Information =
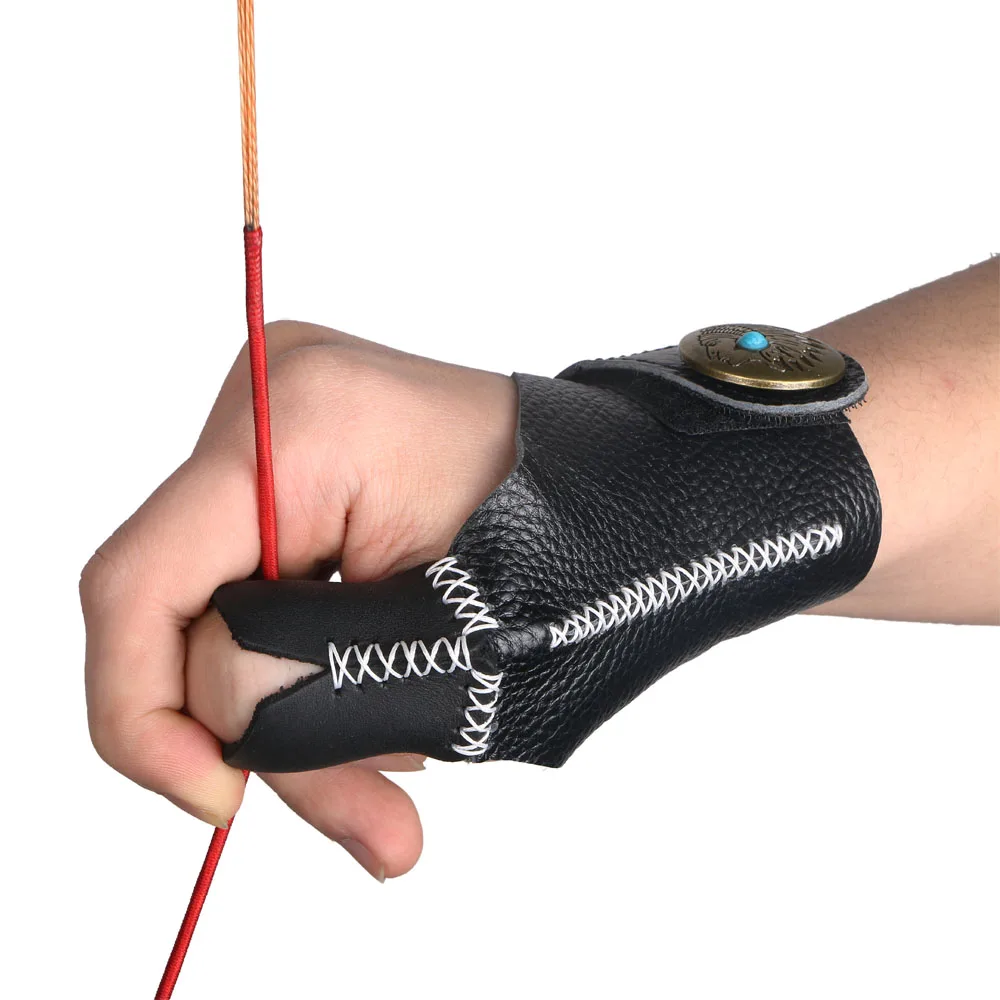 Gant Chasse Cuir Gants Tir à L'arc Daskz 3 Doigts - Cuir Souple Protection Main Droite Taille L Vert Gants Tir à L'arc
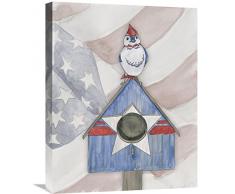Global Galerie Elyse DeNeige Americana Vogelhaus IV Leinwandbild, 50,8 x 61 cm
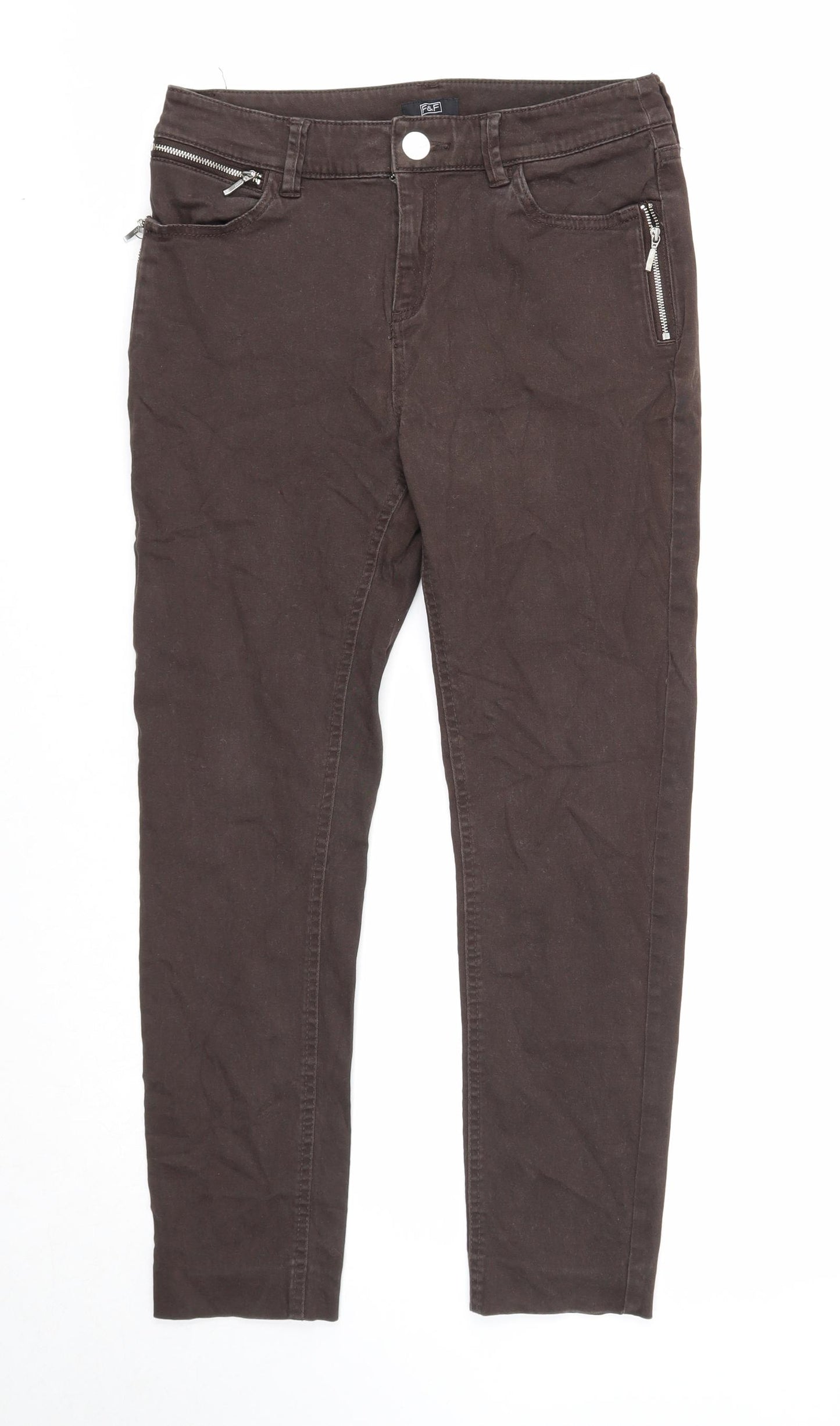 F&F Womens Brown Cotton Straight Jeans Size 8 Regular Zip
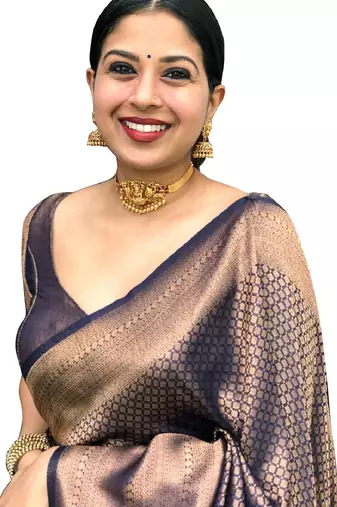 neavy blue silk blend banarasi saree with unstitched blouse piece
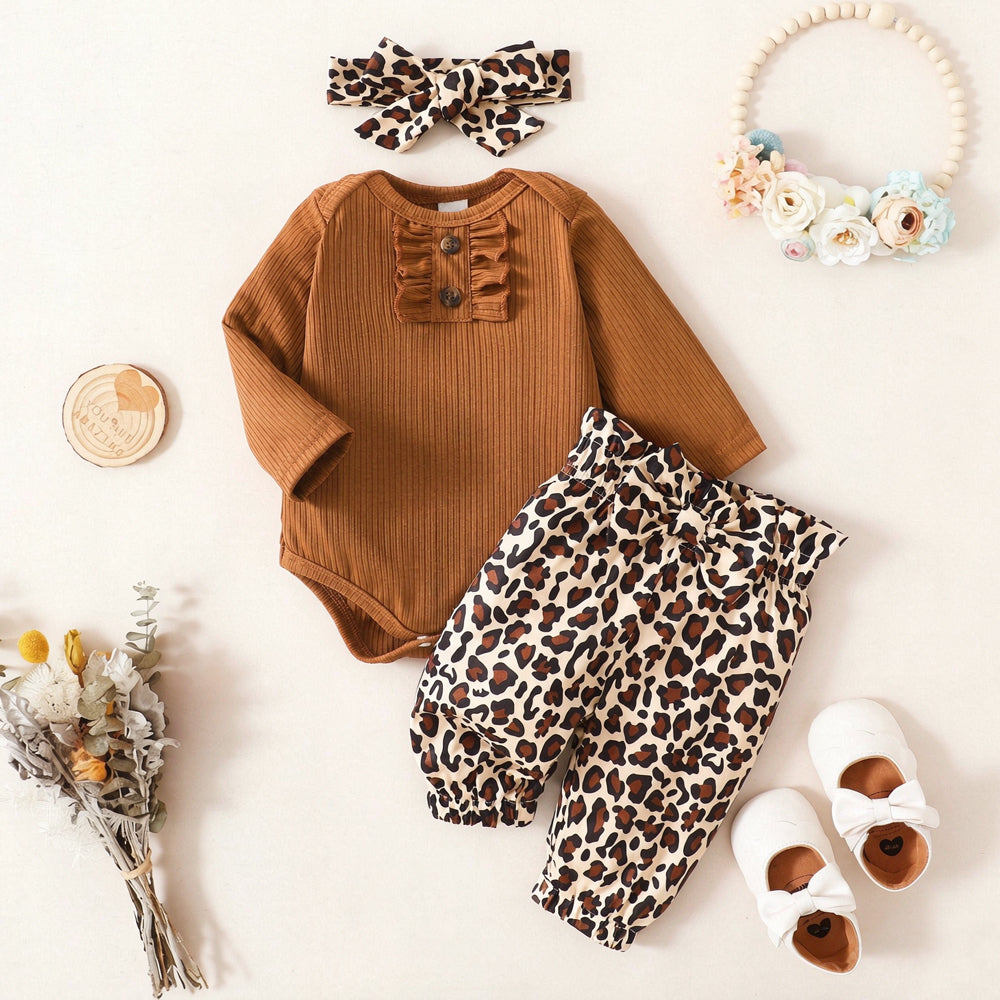 3PCS Casual Leopard Print Bow Long Sleeve Baby Girl Set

Instructions to follow =
Give again, exactly as written, the lines from the one with "Global Galerie Elyse" through the last line of the entries above, but skip the pictures.

Answer space =
Global Galerie Elyse DeNeige Americana Vogelhaus IV Leinwandbild, 50,8 x 61 cm
 F&F Womens Brown Cotton Straight Jeans Size 8 Regular Zip
 neavy blue silk blend banarasi saree with unstitched blouse piece
 3PCS Casual Leopard Print Bow Long Sleeve Baby Girl Set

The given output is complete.